▶ How to complete this task:
A word-for-word retyping of the listing below is required, with the pictures dropped.

▶ The data:

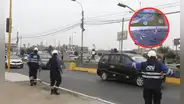 100 cámaras de última tecnología para controlar el tránsito de entrada y salida del Aeropuerto Jorge Chávez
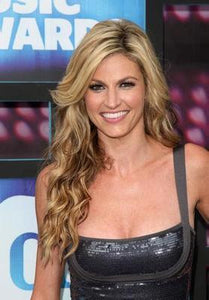 Erin Andrews Poster 16"x24" On Sale The Poster Depot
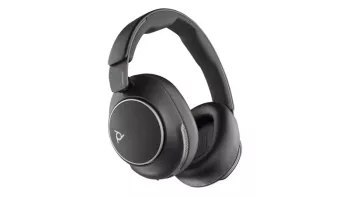 Słuchawki bezprzewodowe HP Poly Voyager Surround 80 UC USB-C + Adapter USB-C/A -8G7T9AA Słuchawki bezprzewodowe HP Poly Voyager Surround 80 UC USB-C + Adapter USB-C/A -8G7T9AA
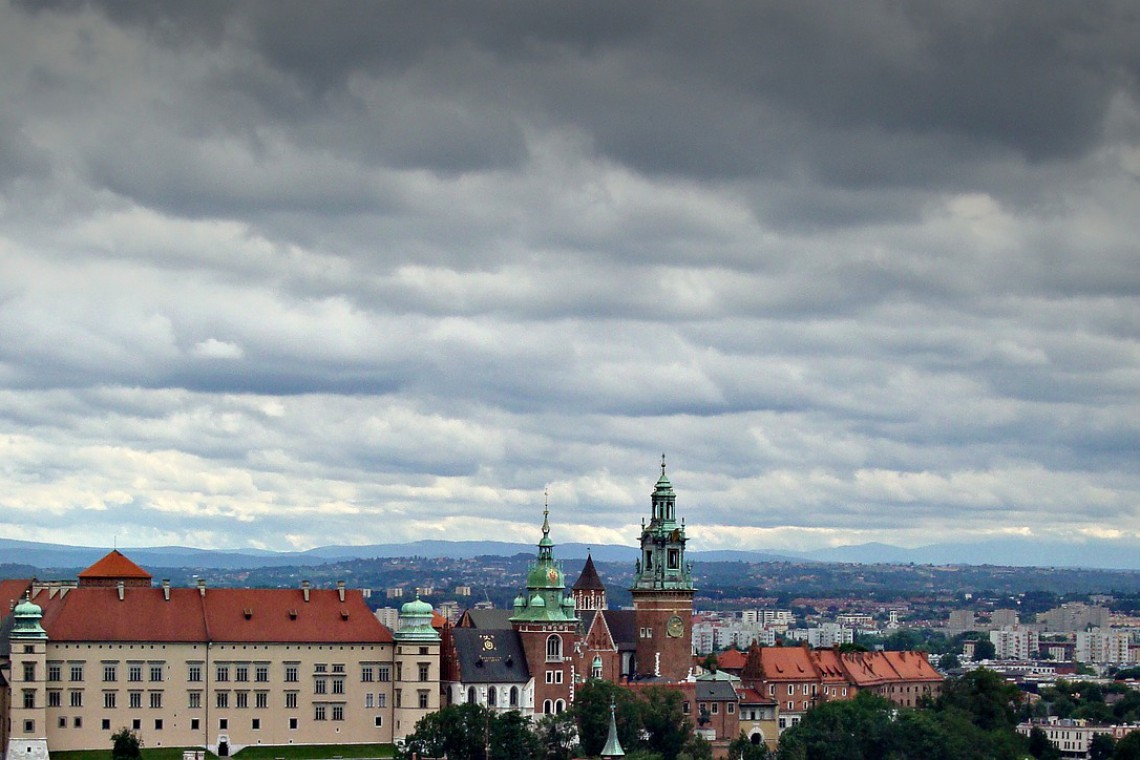 Fot. pixabay Kopiec Kościuszki zmieni oblicze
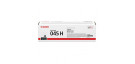 TONER NERO PER LBP613Cdw, LBP611Cn MF635Cx, MF633Cdw, MF631Cn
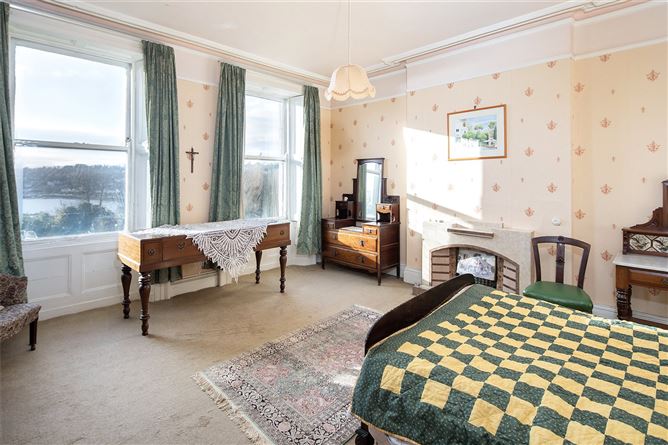 3 Beausite Terrace, Rushbrooke, Cobh, Co. Cork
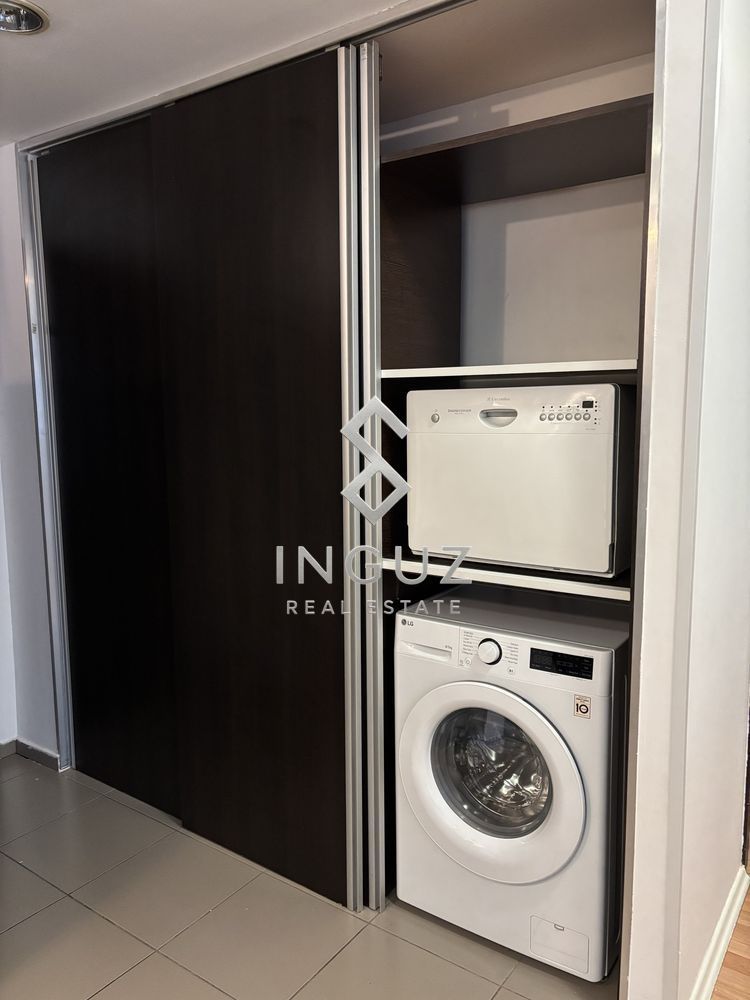 Apartament 3 camere de închiriat – Rose Garden Colentina - Poză 8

▶ Your solution:
 100 cámaras de última tecnología para controlar el tránsito de entrada y salida del Aeropuerto Jorge Chávez
 Erin Andrews Poster 16"x24" On Sale The Poster Depot
 Słuchawki bezprzewodowe HP Poly Voyager Surround 80 UC USB-C + Adapter USB-C/A -8G7T9AA Słuchawki bezprzewodowe HP Poly Voyager Surround 80 UC USB-C + Adapter USB-C/A -8G7T9AA
 Fot. pixabay Kopiec Kościuszki zmieni oblicze
 TONER NERO PER LBP613Cdw, LBP611Cn MF635Cx, MF633Cdw, MF631Cn
 3 Beausite Terrace, Rushbrooke, Cobh, Co. Cork
 Apartament 3 camere de închiriat – Rose Garden Colentina - Poză 8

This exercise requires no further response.